Plenty of interesting stuff — and it’s helped focus my thoughts, particularly about blogging and the use of video online. More posts about such things to come this week, including more on my blogging project, about which I spoke at the AJE seminar.

Meanwhile, here’s the line-up that we had at Falmouth:
• Teaching using new media: Blogging as a tool for critical reflection – Jonathan Hewett, City University
• Teaching convergence – a project at Westminster. Geoffrey Davies, Westminster University
• A video project – Andy Dickinson, University of Central Lancashire, Preston
• Newspapers online: Changing values, changing practices, changing staff – Chris Rushton, Sunderland University
• Convergence in the classroom Andy Price, Teesside University
• Convergence, where is it going and what should we be telling students? David Holmes and team on a project at Sheffield University
• New directions: where is journalism going? Jim Hall and the team at Falmouth University College

US and UK journalism compared

I’ve picked up on a few articles comparing journalism in the USA and UK — partly because of talks I’m giving to journalism students from US universities this summer.

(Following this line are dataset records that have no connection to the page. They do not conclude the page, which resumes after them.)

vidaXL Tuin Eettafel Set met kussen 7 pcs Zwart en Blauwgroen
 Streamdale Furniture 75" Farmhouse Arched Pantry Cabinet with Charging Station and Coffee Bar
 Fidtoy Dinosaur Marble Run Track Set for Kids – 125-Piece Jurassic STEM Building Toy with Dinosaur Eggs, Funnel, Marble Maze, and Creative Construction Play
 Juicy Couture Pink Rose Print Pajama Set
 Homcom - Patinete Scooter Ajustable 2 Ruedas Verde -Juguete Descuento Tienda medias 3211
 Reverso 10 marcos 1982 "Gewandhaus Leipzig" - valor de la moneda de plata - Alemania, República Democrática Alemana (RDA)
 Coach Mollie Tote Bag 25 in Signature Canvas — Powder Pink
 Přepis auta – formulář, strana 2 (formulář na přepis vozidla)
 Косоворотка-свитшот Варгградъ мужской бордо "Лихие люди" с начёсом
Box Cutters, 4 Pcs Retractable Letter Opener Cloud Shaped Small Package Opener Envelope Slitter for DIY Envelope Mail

“Superiority Complex — Why the Brits think they’re better” is the headline on an article in the current Columbia Journalism Review. It reiterates claims that interviewers from the UK have the edge in broadcast news, and discusses the appeal of UK newspapers’ websites and BBC World to readers and viewers in the States.

When it comes to newspapers, is the boot on the other foot? It does for sourcing, balance, overall reliability and investigations, suggests Susan Hansen’s CJR piece, quoting Alan Rusbridger (The Guardian), Bill Hagerty (British Journalism Review), and Tom Fenton (CBS).

Martin Moore contrasts the approach of stories in the Daily Telegraph and New York Times, highlighting the greater length, more neutral tone, larger number of sources and quotes etc in the latter. It also risks being heavier, more boring and less engaging, he notes.

There may be less space for longer stories in the New York Times after it changes format. Executive editor Bill Keller says, according to Gawker:

Our stories are too often too long… The 1200 word stories could be 800 or 900. There are editors at a Page 1 meeting boasting that a story is only 1400 words.

Also worth noting is Keller’s frank statement about the NY Times’ online strategy for developing revenue from its web contact: “There’s a phrase they use in drug and alcohol rehab—’fake it til you make it.’ That’s basically what we’re doing.”

Finally, still at the NY Times, Investigations Editor Matthew Purdy says they have “12 permanent reporters and editors” plus “many more Times reporters engaged in investigative or in-depth reporting”. Another US-UK difference to add to the list, then.